- **PROBLEM DESCRIPTION**: As soon as the line containing "Bride (Ali Hazelwood)" appears in the material below, start returning lines exactly, and end with the line containing "toyota corolla-cross 2024".

- **AVAILABLE RECORDS**:
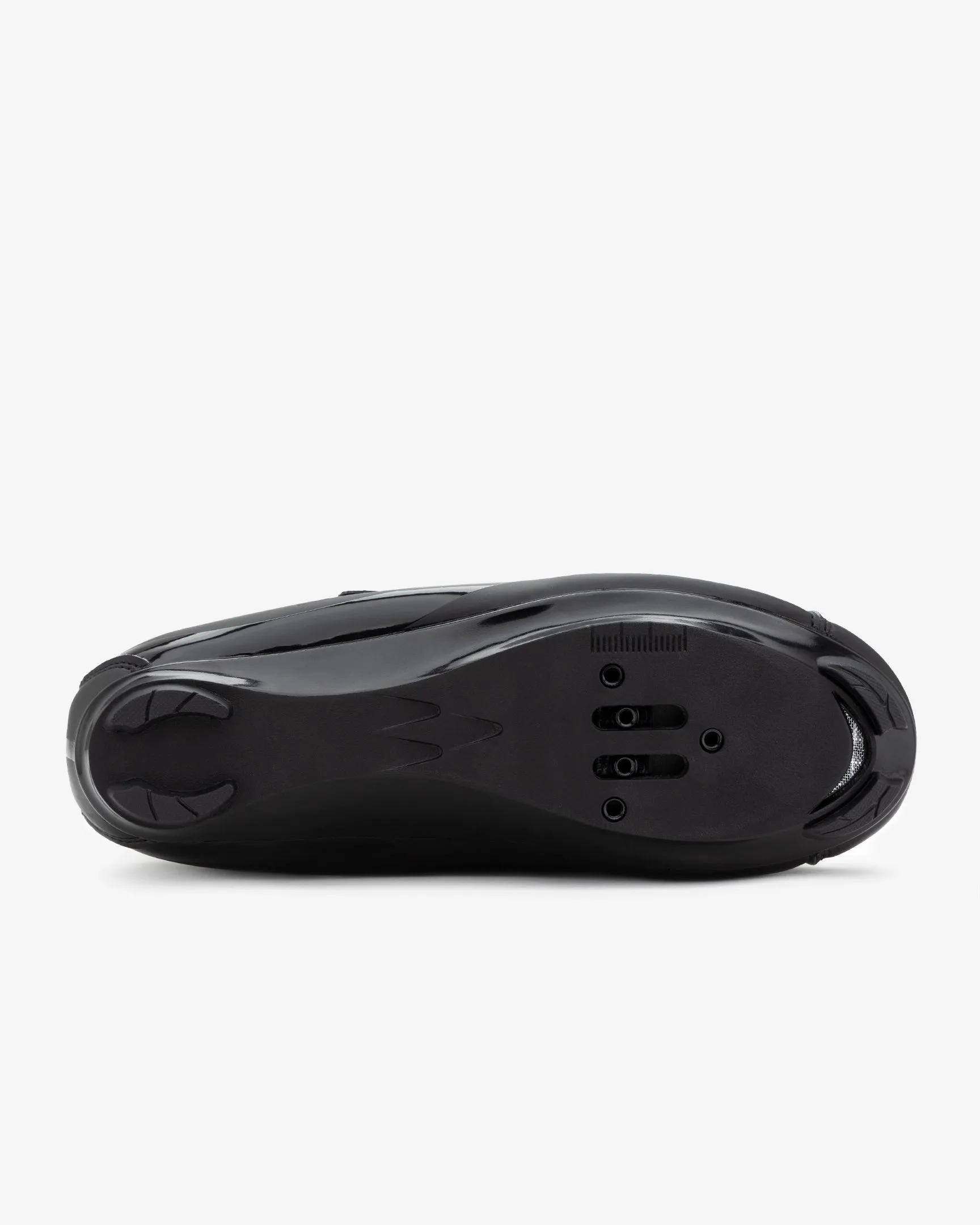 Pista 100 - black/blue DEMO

--

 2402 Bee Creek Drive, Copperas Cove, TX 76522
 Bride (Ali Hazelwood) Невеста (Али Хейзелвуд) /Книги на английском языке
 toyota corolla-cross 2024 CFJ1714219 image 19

- **RESPONSE AREA**:
 Bride (Ali Hazelwood) Невеста (Али Хейзелвуд) /Книги на английском языке
 toyota corolla-cross 2024 CFJ1714219 image 19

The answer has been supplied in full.